[Data extract]
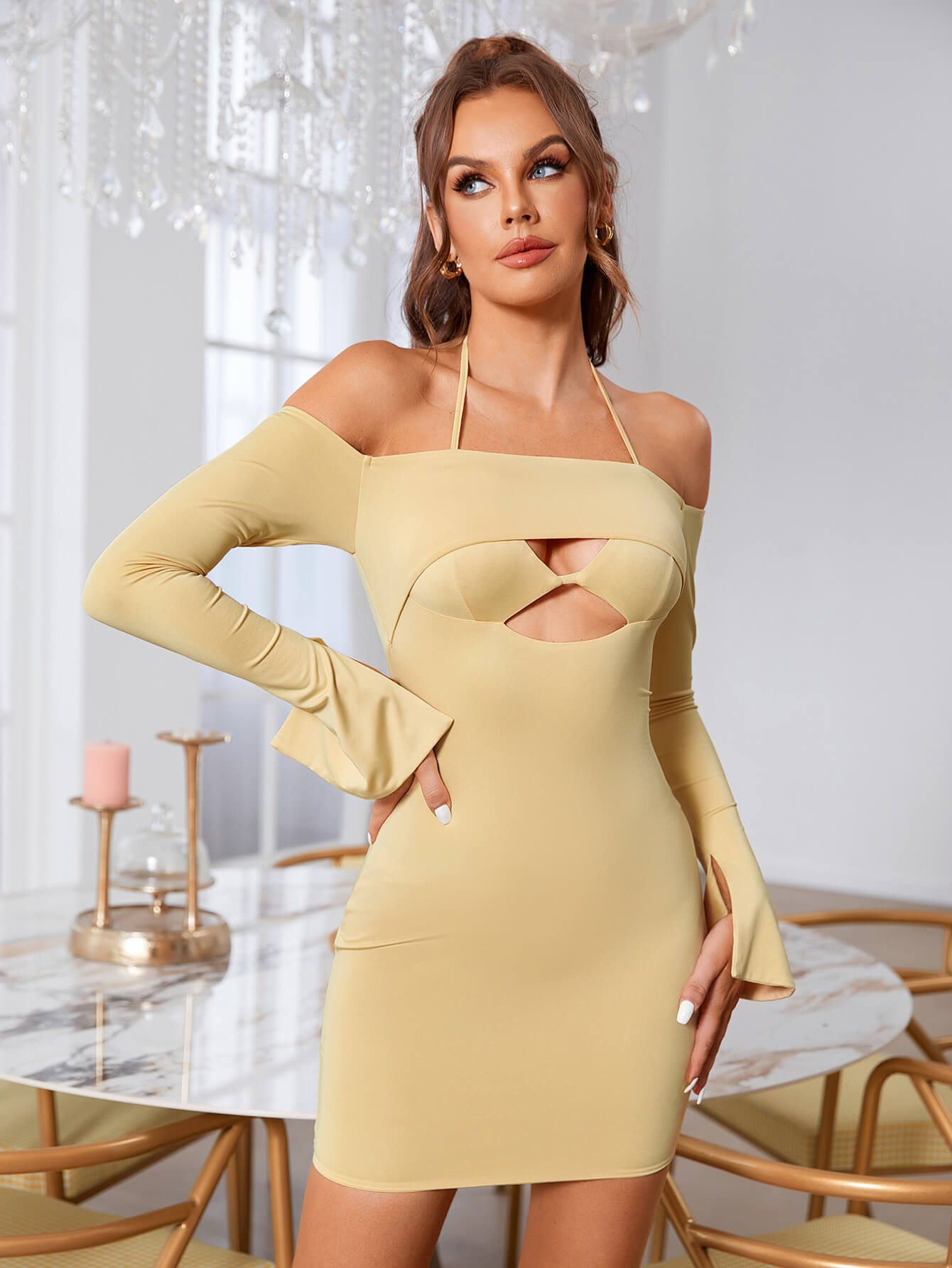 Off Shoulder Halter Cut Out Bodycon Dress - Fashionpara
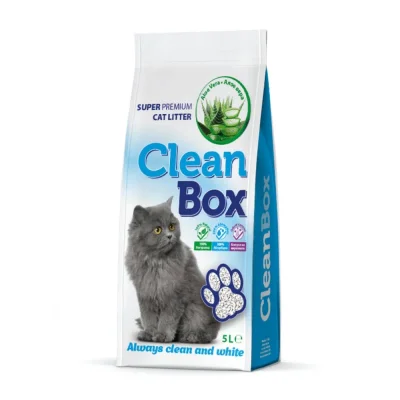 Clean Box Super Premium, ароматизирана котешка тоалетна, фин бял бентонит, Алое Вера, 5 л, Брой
==
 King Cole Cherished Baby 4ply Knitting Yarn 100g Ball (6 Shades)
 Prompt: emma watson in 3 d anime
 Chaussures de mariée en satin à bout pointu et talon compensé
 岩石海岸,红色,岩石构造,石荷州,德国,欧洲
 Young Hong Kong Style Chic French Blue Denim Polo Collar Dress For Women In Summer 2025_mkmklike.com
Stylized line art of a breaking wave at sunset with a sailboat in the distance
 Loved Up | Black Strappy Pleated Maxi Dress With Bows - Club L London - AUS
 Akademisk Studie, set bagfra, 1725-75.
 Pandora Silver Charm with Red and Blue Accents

[Exercise prompt] Copy each line of the listing that carries the word "Blue".

[Answer space]
 Young Hong Kong Style Chic French Blue Denim Polo Collar Dress For Women In Summer 2025_mkmklike.com
 Pandora Silver Charm with Red and Blue Accents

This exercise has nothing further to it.